A similar reply can be made to those who might argue that our culture treats Supreme Court decisions as ultimate law (Segall, pp. 109-10). It is undoubtedly true that many Americans say things like “Roe v. Wade secures a constitutional right to abortion.” However, I think most people who support a right to abortion probably believe or assume that Roe was a correct interpretation of the Due Process Clause’s original meaning, particularly given the powerful forces of confirmation bias and motivated reasoning. (To be clear, I express no personal opinion here as to Roe’s merits.) Even those who do not believe Roe was correct as an original matter likely still believe a doctrine of stare decisis is permitted by Article III’s original meaning, and therefore do not see themselves as violating the Constitution’s original meaning when they adhere to Roe.
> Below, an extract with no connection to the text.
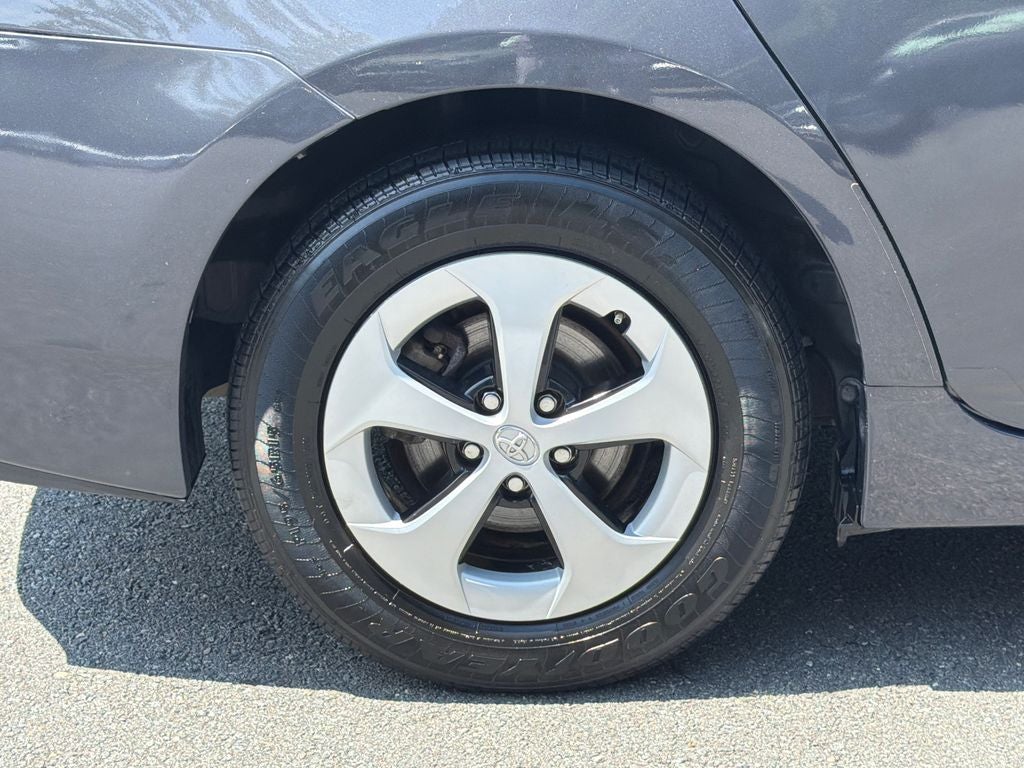 2012 Toyota Prius Three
Admittedly, most people don’t explicitly draw the sort of connections to original meaning I’m making here. Still, I think the connections are present, even if they are sometimes obscured in a discourse chock-full of heuristics. (Sachs’ 2014 article “The ‘Constitution in Exile’ as a Problem for Legal Theory” has some excellent discussion along these lines on pages 2276-78.) 
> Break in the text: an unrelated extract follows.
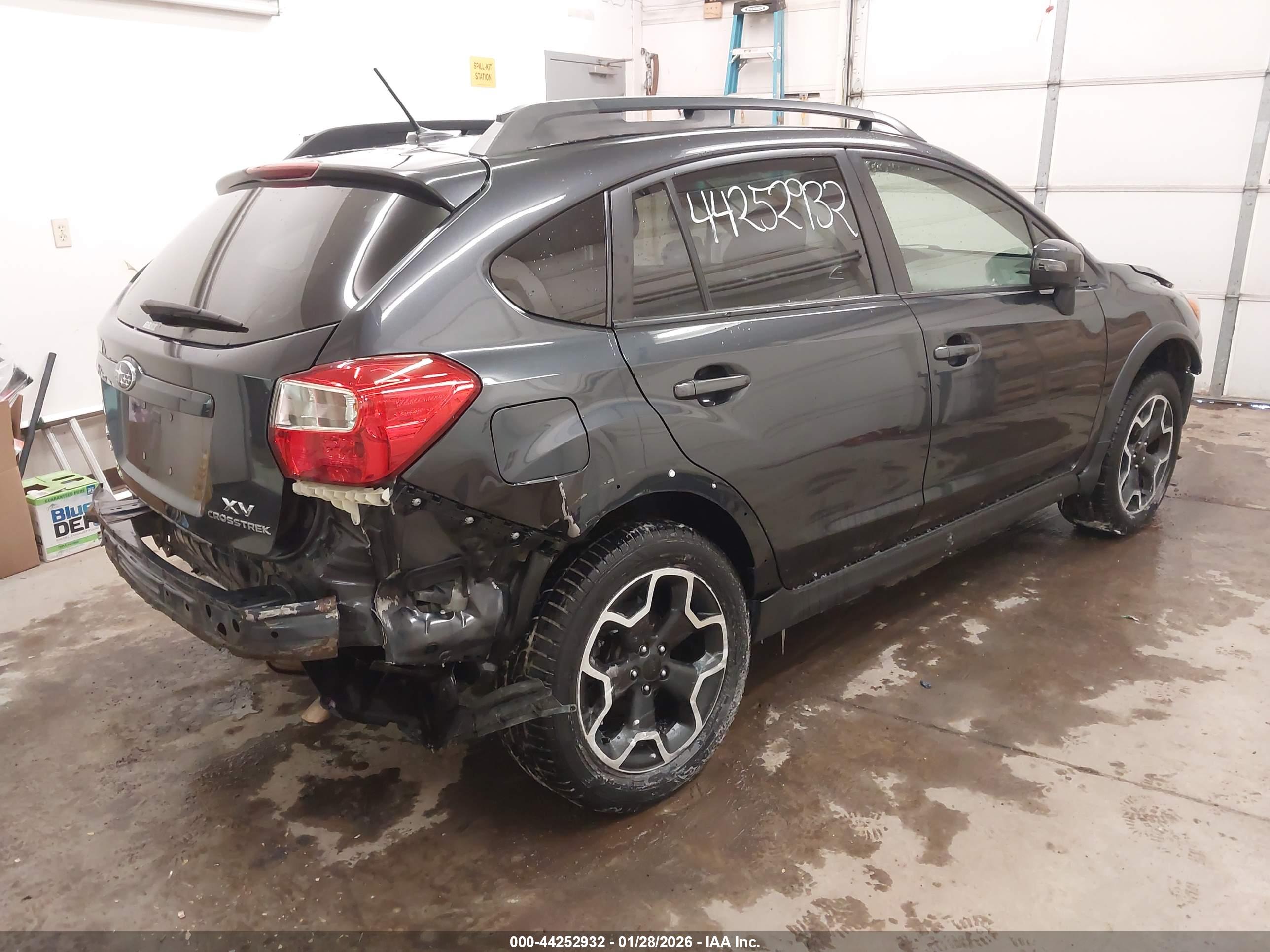 SUBARU XV image 4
I believe even the Supreme Court justices not typically considered originalist actually believe their decisions are in accordance with original meaning. For examples of them saying this explicitly in opinions, see Ginsburg’s NFIB opinion, joined by Breyer, Sotomayor, and Kagan; Stevens’ McDonald dissent; Stevens’ Roper concurrence, joined by Ginsburg; and Kennedy’s Obergefell opinion, joined by Breyer, Sotomayor, Ginsburg, and Kagan. Ginsburg and Kagan have also explicitly described themselves as “originalists.” Senator Dianne Feinstein’s statement during the Gorsuch hearings suggests that she too looks to the Founders’ authority: She believes the Constitution is a “living document” in part because to “evaluate our constitutional rights and privileges as they were understood in 1789” would in her view “ignore the intent of the Framers that the Constitution would be a framework on which to build.” (Incidentally, I seem to recall seeing a fellow group of students at my high school make a similar argument in a paragraph of their Civics paper this spring -- the Constitution is a living document precisely because that’s what the Founders allegedly wanted.) 
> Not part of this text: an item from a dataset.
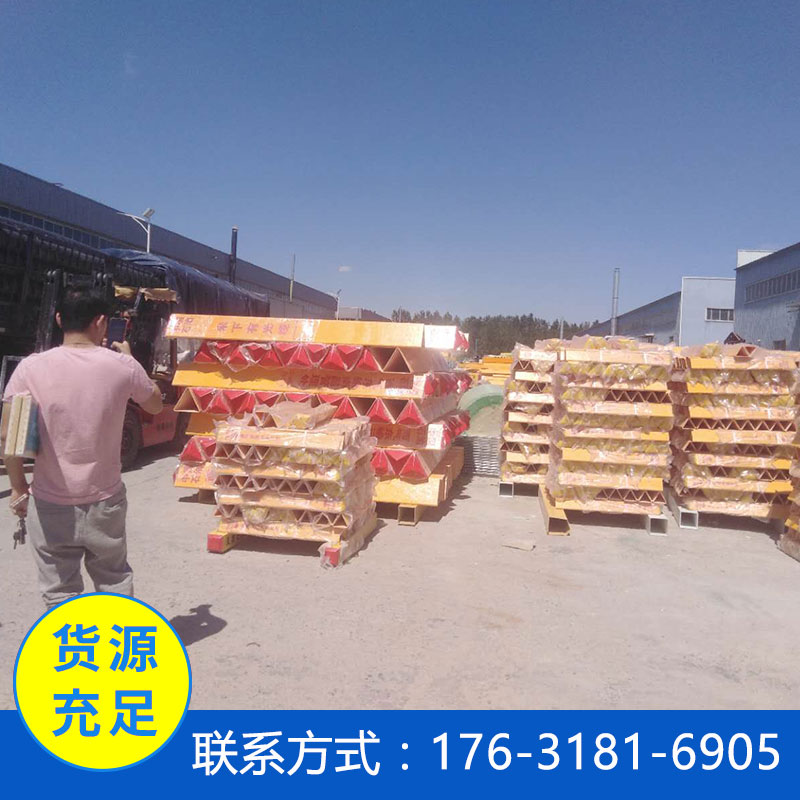 玻璃钢燃气管道标志桩_玻璃钢标志桩厂家_现货供应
The historical claims made in favor of evolving interpretations must be put to the test, of course (cf. Segall, pp. 105-06). But the fact that they are made reveals the deep originalist strain in our constitutional culture. The fact that “because the Founders wanted us to” counts as a valid reason -- perhaps even a necessary reason -- to support a particular interpretative philosophy is a remarkable but unmistakable feature of our legal culture. (Perhaps this feature might be in some ways normatively undesirable, but it’s clearly present.) I have expressed some tentative sympathy for Baude and Sachs’ originalism on this blog in the past, and after reading their more recent work and thinking through some of the problems myself, I have come to agree wholeheartedly with their essential thesis. I believe current positive law requires judges to be Baude/Sachs-style originalists, and also that this fact is the best reason to be an originalist. It seems to me that some form of originalism is the only way to adequately account for the enormous cultural salience of the Constitution’s text. Ultimately, our constitutional practice is rooted in the choices the Founders made, to write certain things down, with certain meanings, and not other things. I am now a complete convert to positivist originalism. 

Well, almost. I do have a few reservations about Baude and Sachs’ project. I will discuss those in a second post coming soon.